#### [Task brief]
Nothing but the pictures should go missing; return all the entries below exactly.

Start of Records supplied

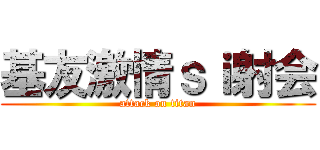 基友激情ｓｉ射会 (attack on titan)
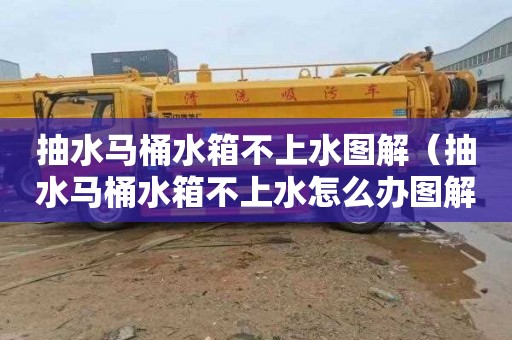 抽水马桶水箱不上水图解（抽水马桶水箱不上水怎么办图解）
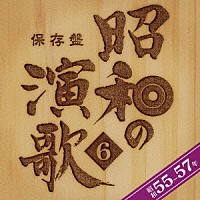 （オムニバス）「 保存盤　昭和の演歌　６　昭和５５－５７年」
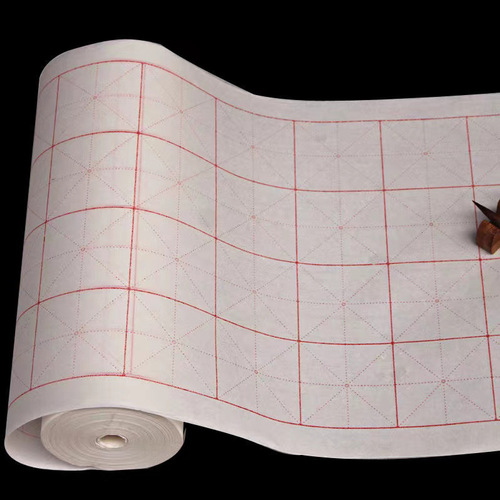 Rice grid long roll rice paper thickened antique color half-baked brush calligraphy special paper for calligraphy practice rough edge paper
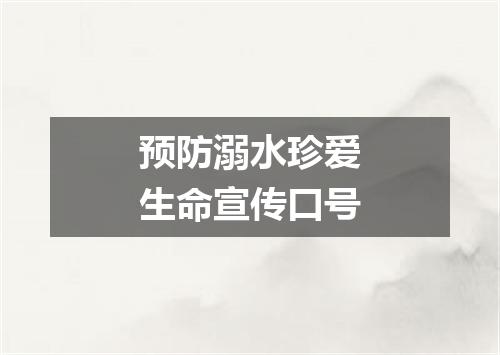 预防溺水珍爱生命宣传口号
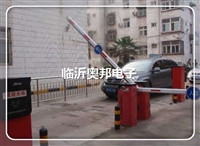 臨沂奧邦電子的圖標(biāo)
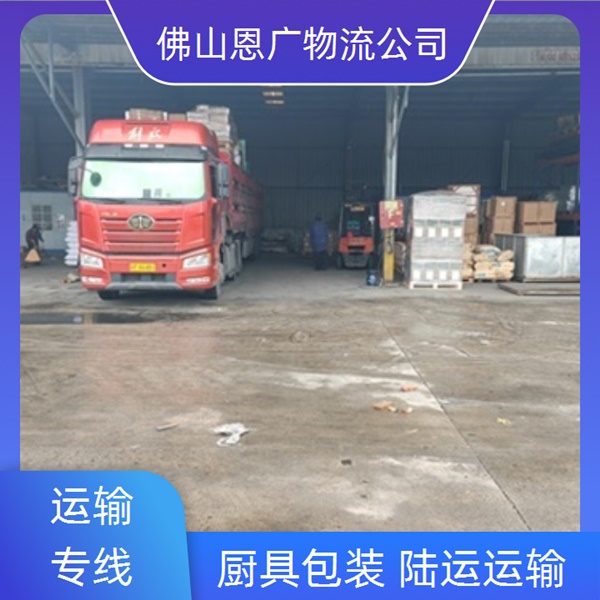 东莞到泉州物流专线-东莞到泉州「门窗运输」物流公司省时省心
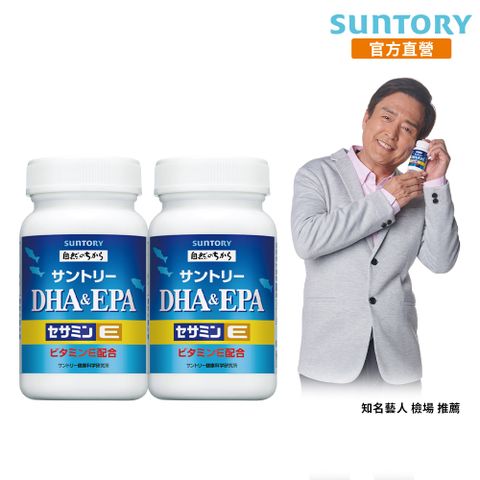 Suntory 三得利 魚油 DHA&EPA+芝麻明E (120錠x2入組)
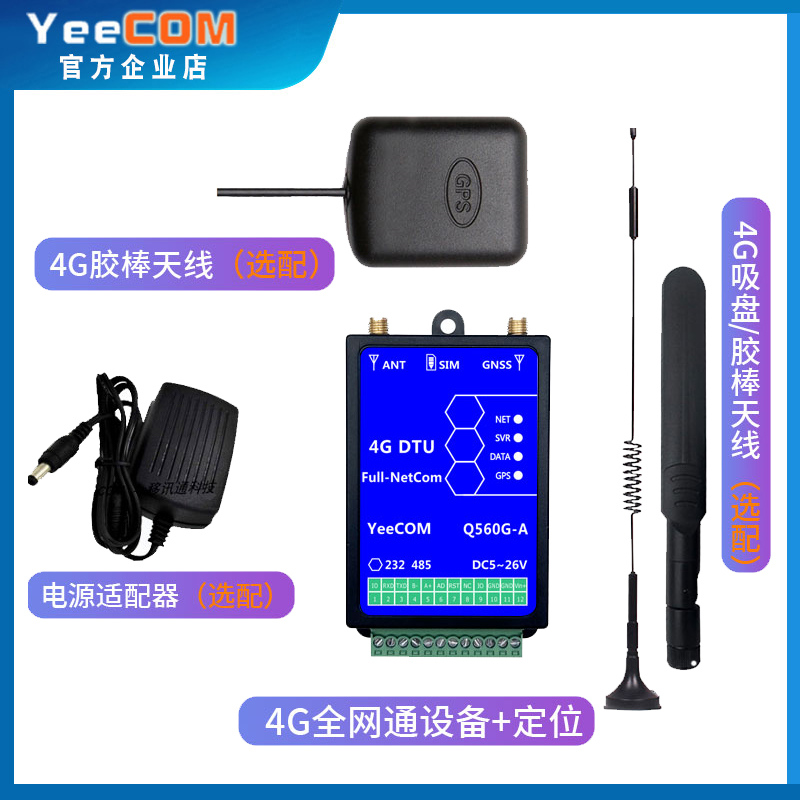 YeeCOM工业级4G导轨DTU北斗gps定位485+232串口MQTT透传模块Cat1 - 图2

End of Records supplied

#### [Output for this exercise]
 基友激情ｓｉ射会 (attack on titan)
 抽水马桶水箱不上水图解（抽水马桶水箱不上水怎么办图解）
 （オムニバス）「 保存盤　昭和の演歌　６　昭和５５－５７年」
 Rice grid long roll rice paper thickened antique color half-baked brush calligraphy special paper for calligraphy practice rough edge paper
 预防溺水珍爱生命宣传口号
 臨沂奧邦電子的圖標(biāo)
 东莞到泉州物流专线-东莞到泉州「门窗运输」物流公司省时省心
 Suntory 三得利 魚油 DHA&EPA+芝麻明E (120錠x2入組)
 YeeCOM工业级4G导轨DTU北斗gps定位485+232串口MQTT透传模块Cat1 - 图2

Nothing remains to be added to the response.